Wherever the word "Crystal" appears in the entries, copy the whole line.

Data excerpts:
====

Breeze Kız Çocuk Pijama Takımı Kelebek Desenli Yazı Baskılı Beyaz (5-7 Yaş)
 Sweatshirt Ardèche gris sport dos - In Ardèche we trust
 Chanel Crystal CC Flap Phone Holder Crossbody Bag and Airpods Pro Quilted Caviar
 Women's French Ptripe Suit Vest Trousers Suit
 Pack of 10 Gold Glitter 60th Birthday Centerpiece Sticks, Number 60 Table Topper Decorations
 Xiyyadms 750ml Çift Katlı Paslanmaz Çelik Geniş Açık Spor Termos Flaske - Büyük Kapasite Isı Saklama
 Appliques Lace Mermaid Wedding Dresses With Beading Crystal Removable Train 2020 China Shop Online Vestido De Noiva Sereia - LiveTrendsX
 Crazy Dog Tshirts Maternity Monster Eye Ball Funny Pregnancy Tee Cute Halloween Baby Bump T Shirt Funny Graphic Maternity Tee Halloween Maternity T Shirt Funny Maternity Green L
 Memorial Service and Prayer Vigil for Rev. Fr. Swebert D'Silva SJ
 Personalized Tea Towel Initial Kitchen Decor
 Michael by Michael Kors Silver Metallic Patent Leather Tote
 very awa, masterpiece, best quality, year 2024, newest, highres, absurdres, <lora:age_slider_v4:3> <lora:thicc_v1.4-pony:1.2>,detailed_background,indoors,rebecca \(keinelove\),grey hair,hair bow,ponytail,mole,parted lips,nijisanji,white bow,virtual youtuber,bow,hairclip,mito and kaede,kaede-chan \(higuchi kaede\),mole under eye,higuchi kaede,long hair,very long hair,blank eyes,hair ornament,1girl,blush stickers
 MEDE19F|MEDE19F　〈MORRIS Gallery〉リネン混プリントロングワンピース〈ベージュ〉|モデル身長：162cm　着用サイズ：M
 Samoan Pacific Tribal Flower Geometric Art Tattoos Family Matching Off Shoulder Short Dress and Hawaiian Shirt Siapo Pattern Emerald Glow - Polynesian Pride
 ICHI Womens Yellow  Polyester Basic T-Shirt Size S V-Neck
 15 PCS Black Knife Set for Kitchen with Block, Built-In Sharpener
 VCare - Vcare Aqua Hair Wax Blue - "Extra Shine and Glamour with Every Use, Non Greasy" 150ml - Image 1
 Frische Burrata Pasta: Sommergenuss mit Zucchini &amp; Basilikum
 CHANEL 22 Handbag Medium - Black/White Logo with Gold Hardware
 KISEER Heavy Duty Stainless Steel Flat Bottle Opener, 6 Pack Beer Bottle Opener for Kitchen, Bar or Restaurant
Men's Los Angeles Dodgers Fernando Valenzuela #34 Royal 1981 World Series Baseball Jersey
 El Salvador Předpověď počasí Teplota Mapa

====

ANSWER TO THIS TASK -
 Chanel Crystal CC Flap Phone Holder Crossbody Bag and Airpods Pro Quilted Caviar
 Appliques Lace Mermaid Wedding Dresses With Beading Crystal Removable Train 2020 China Shop Online Vestido De Noiva Sereia - LiveTrendsX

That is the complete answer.